§ **Input**
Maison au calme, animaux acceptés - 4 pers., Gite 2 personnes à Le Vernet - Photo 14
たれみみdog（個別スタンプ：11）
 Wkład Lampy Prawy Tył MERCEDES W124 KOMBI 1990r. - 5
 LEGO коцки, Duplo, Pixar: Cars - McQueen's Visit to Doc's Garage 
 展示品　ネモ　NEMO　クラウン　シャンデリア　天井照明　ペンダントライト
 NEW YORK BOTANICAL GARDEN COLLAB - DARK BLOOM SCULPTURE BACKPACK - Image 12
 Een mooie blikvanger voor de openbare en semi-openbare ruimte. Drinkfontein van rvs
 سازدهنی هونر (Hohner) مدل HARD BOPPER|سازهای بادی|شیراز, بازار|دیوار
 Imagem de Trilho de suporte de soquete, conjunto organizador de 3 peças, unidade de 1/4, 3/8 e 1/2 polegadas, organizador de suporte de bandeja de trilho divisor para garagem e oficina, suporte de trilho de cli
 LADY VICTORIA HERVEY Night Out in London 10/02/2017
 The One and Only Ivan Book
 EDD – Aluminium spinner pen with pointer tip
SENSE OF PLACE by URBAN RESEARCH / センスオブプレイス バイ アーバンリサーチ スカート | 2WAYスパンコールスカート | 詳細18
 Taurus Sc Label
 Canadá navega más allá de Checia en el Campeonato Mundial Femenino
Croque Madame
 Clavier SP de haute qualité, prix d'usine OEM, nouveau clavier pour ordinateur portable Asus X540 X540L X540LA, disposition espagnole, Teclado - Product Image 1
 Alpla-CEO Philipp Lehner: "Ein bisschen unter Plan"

§ **Activity**
Give back all of the entries exactly as written.

§ **Worked solution**
Maison au calme, animaux acceptés - 4 pers., Gite 2 personnes à Le Vernet - Photo 14
たれみみdog（個別スタンプ：11）
 Wkład Lampy Prawy Tył MERCEDES W124 KOMBI 1990r. - 5
 LEGO коцки, Duplo, Pixar: Cars - McQueen's Visit to Doc's Garage 
 展示品　ネモ　NEMO　クラウン　シャンデリア　天井照明　ペンダントライト
 NEW YORK BOTANICAL GARDEN COLLAB - DARK BLOOM SCULPTURE BACKPACK - Image 12
 Een mooie blikvanger voor de openbare en semi-openbare ruimte. Drinkfontein van rvs
 سازدهنی هونر (Hohner) مدل HARD BOPPER|سازهای بادی|شیراز, بازار|دیوار
 Imagem de Trilho de suporte de soquete, conjunto organizador de 3 peças, unidade de 1/4, 3/8 e 1/2 polegadas, organizador de suporte de bandeja de trilho divisor para garagem e oficina, suporte de trilho de cli
 LADY VICTORIA HERVEY Night Out in London 10/02/2017
 The One and Only Ivan Book
 EDD – Aluminium spinner pen with pointer tip
SENSE OF PLACE by URBAN RESEARCH / センスオブプレイス バイ アーバンリサーチ スカート | 2WAYスパンコールスカート | 詳細18
 Taurus Sc Label
 Canadá navega más allá de Checia en el Campeonato Mundial Femenino
Croque Madame
 Clavier SP de haute qualité, prix d'usine OEM, nouveau clavier pour ordinateur portable Asus X540 X540L X540LA, disposition espagnole, Teclado - Product Image 1
 Alpla-CEO Philipp Lehner: "Ein bisschen unter Plan"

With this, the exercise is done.